Investors could burn again in new round of syndicates


Property schemes taking deposits from investors are springing up while collapsed firms still wind their way through courts and liquidations.

Heed this warning from Paul Dale, the Auckland barrister fighting for 400 of the 4000 Blue Chip investors who stand likely to lose $80 million in all.

“People are already being lured back into syndicates,” he tells BizScene. “There are still insufficient safeguards and it [a crash] will happen again – absolutely, for sure.”

With Queenstown’s property market hard hit, locals may welcome new pooled investment money to pump into development. However, a second quick collapse might delay full market recovery for years.

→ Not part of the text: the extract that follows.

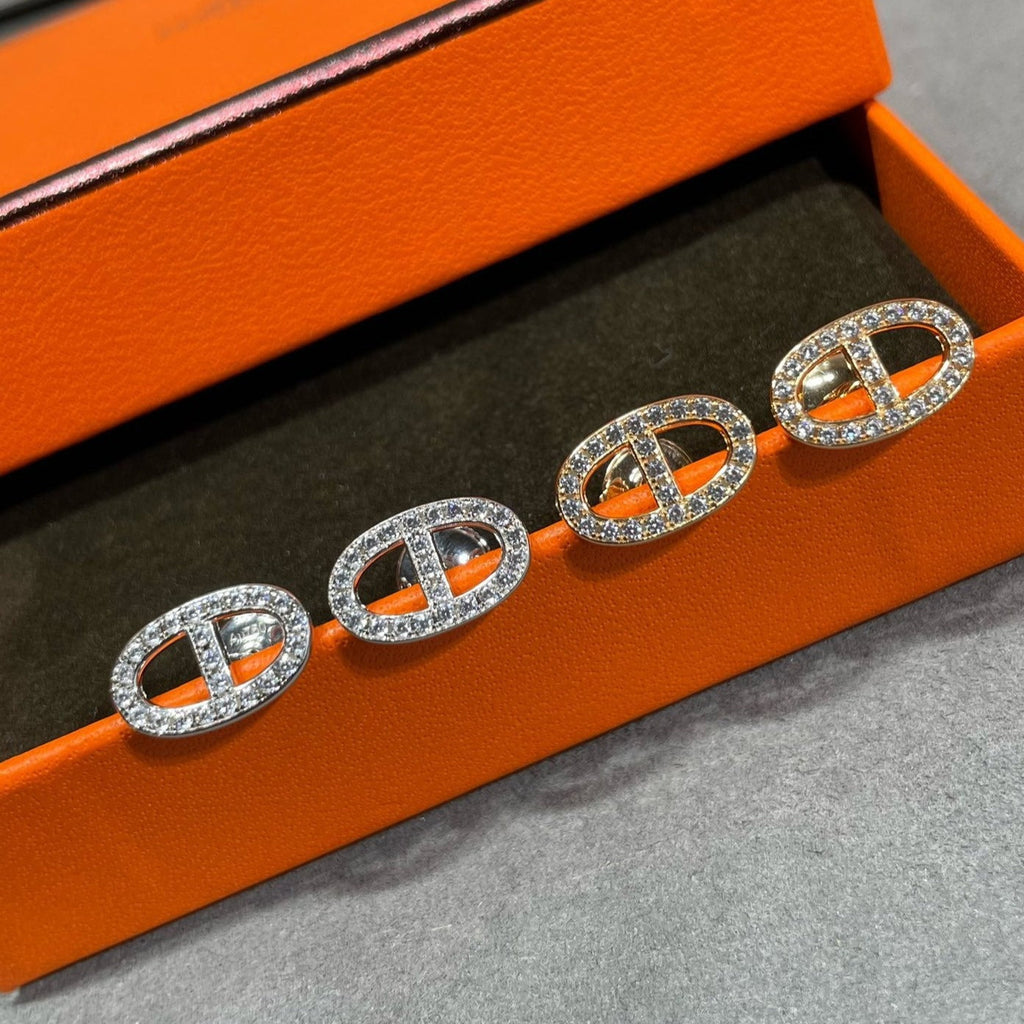 ??MIRA?¡¥HM FULL DIAMOND PIG NOSE STUD EARRINGS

Dale, whose Blue Chip clients are spread as far south as Queenstown and beyond, understands why older savers fall for risky investments. They need extra cash flow because they find they can’t live on superannuation.

“They’ll take their savings and they’ll invest them. They are absolutely vulnerable.”

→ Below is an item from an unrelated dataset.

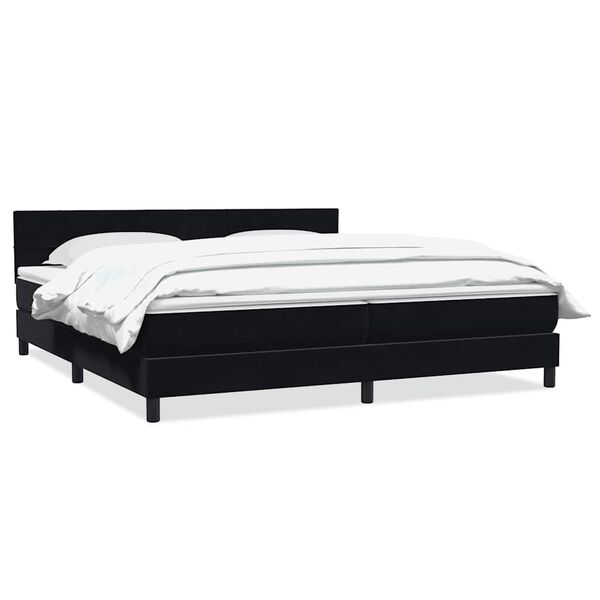 vidaXL Boxspringbett mit Matratze Schwarz 200x210 cm Samt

Widespread naivety that survived the finance-companies crash surprises him. Sales people toss about “grand expressions” like secured debenture stock and mortgages backed by Lloyd’s of London.

“People are getting taken in by expressions like that.”

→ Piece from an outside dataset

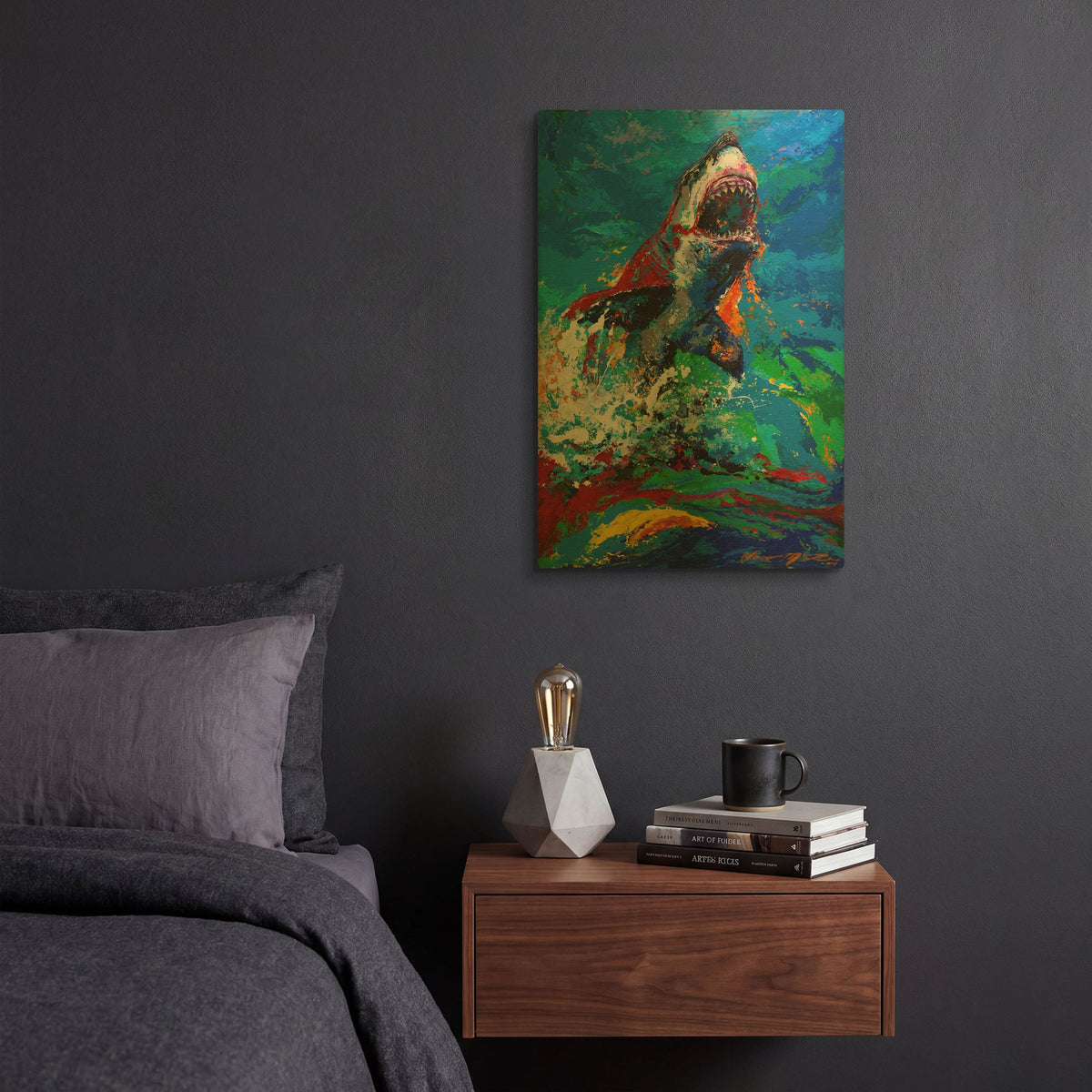 'The Lawyer Breeching Great White Shark' By Jace D McTier Gold Metal Wall Art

Some financial advisers fall for the patter too, he adds.

Property schemes continue to attract savers because of a belief that property prices always rise and because we have no capital-gains tax. This encourages the sales pitch: Put your money into property and you can’t lose.

Dale asked former Labour Commerce Minister Lianne Dalziel to put troubled Blue Chip under statutory management.

He believes this would have worked and saved investors millions. However, Dalziel, on what he believes was lame advice, declined.

“She was told it was under control by liquidators when it wasn’t.”

Dale was in court this week testing enforceability of mortgages on investors’ homes. Other litigation will follow against Blue Chip directors and a slew of lawyers.

Client fees don’t cover all costs, but Dale hopes his firm can be paid “when we win”.

He expects wide suffering if his case on Blue Chip mortgages fails.

People in similar positions in America are better off. Lenders cannot pursue them beyond foreclosure and taking their homes.

In New Zealand, lenders can pursue people for debt after foreclosure. They can bankrupt you as well as take your home.

Dale understands the reasons for the Government guaranteeing bank and finance company deposits that qualify, but believes it might also consider saving some homes.

Commentator and analyst Bernard Hickey, who runs the web site, wants the Government to give the Reserve Bank even more power over finance companies.

“It should take the extra step of making the Reserve Bank the front-line regulator instead of trustees, who I think have failed,” Hickey says.

Anyone taking deposits from the public should be regulated like a bank, he argues.

They should file quarterly accounts promptly with the Reserve Bank, which would also monitor their capital structure.

Finance companies reported up to nine months late before the crash, Hickey adds.

Rather than leave investors to find finance-company reports and prospectuses on the Companies Office internet site, he favours “pro-active” releases similar to those on the Stock Exchange.